Last night I happened to watch the 1959 movie “On the Beach.” It’s amazing how an old movie or melody or photo can stir up a long-forgotten memory that was once a vivid event in our life. Such was the case for me as I watched Gregory Peck and Ava Gardner in a black-and-white thought-provoker from 1959:
The scene is Melbourne, Australia, in the 1960’s. A brief nuclear exchange between the super powers has killed everyone in the northern hemisphere. A few cities were destroyed, but the real killer is a globe-encircling radioactive contamination of the atmosphere. Unfortunately, trade winds are slowly but inevitably bringing the radiation south to Melbourne.
The movie is about hope…or rather the lack of hope. There is hope that natural causes might stop the inevitable drift of the radiation southward and spare Melbourne. That hope was proved to be a false hope. For those in the movie, all that is left is for each individual to determine how to end their life as graciously as possible or to accept a slow, painful and debilitating death from radiation for themselves and their loved ones.
The closing scenes of the move show the empty streets of Melbourne seemingly unharmed, but devoid of people.
For me, the movie brought both beautiful and painful memories.
My wife and I read Nevil Shute’s novel On the Beach in 1957 when it was first published. We were newlyweds living on the beach of Santa Monica Bay in southern California. The book frightened us both, as it was intended to do, with the insanity of nuclear proliferation. These were unsteady times, and the thought of such an event happening lurked in our consciousness, in spite of all the assurances that were given. But for us, young and in love and living in such a delightful place, life was good.
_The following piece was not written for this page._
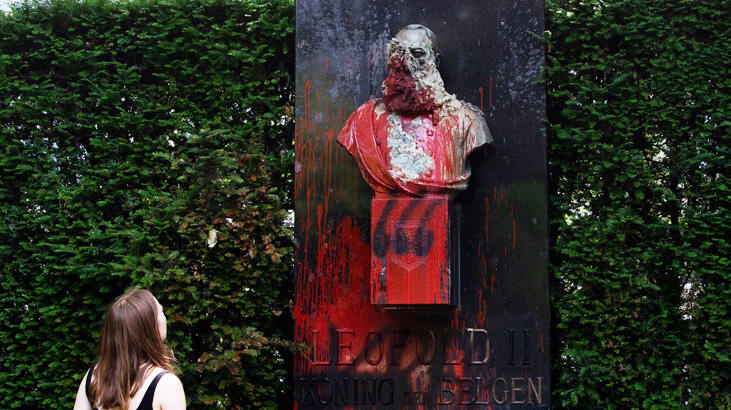 'Sömürgeci Kral'ın heykeli, belediyeden kaldırıldı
The movie brought back beautiful memories of those days, including this one:
Late one Saturday morning in early summer, the two of us strolled the beach hand-in-hand on a gorgeous southern California day: a blue sky and bright sun, a cool breeze off the ocean, the rhythmic sound of the surf and the view of a white crescent of sand stretching from Palos Verdes to our south on northward toward distant Santa Barbara. There we were, a girl from Nebraska and a boy from Ohio, living the California dream…alone on that beautiful beach. The thought struck us both about the same time: we were alone! Where was everybody? We saw the world as Nevil Shute intended us to see it: in all its beauty. But missing were the sights and sounds of people, of children laughing, of teenagers splashing in the surf, of the volleyball players and traffic noise from the nearby streets. We were alone!
We later learned that all of Santa Monica Bay had been evacuated. It was feared an earthquake, thousands of miles away somewhere in the South Pacific, might have created a shock wave that would travel quickly across the ocean unseen until it hit land, where it would form a series of huge waves. There was a chance it might strike Santa Monica Bay. We had slept through all the warnings: the loudspeakers from the beach, the news flashes on radio and television and the blaring sirens. The tidal wave, if we saw it, turned out to be just another wave, not even big enough to surf.
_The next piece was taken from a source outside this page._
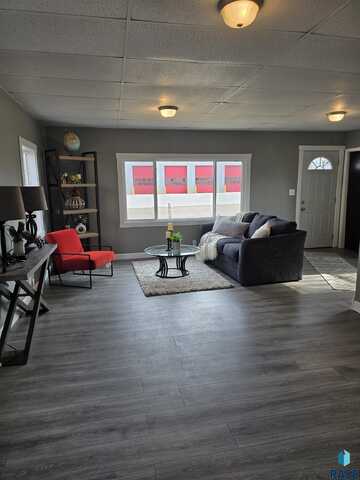 206 S Wind St, Flandreau, SD 57028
No, the tidal wave didn’t get us, but the cold uneasiness of being in a place that should be crowded with people and there were none left and indelible mark on me.
A few years later my job took me to eastern Pennsylvania. We built a small home and moved in with our three young children. Then came 1969 and the Cuban Missile Crisis—history recalls it as the closest the world has ever come to a nuclear war. One night I awoke in a cold sweat from a dream that relived the fear from that day on the beach and Nevil Shute’s tale of those poor souls in Melbourne. The dream made me realize that the greatest fear of such an event is not the event itself, but the lack of hope.
The next morning I began building a fallout-shelter in the basement of my home, following the government’s published specifications. I never really believed it would ever help us, but at least it would give my family the ability to hope. I had learned what a horrible thing it is to have no hope.
How often we forget the fears of the past…as though they never were real at all.
Will that also be true of our fears of today?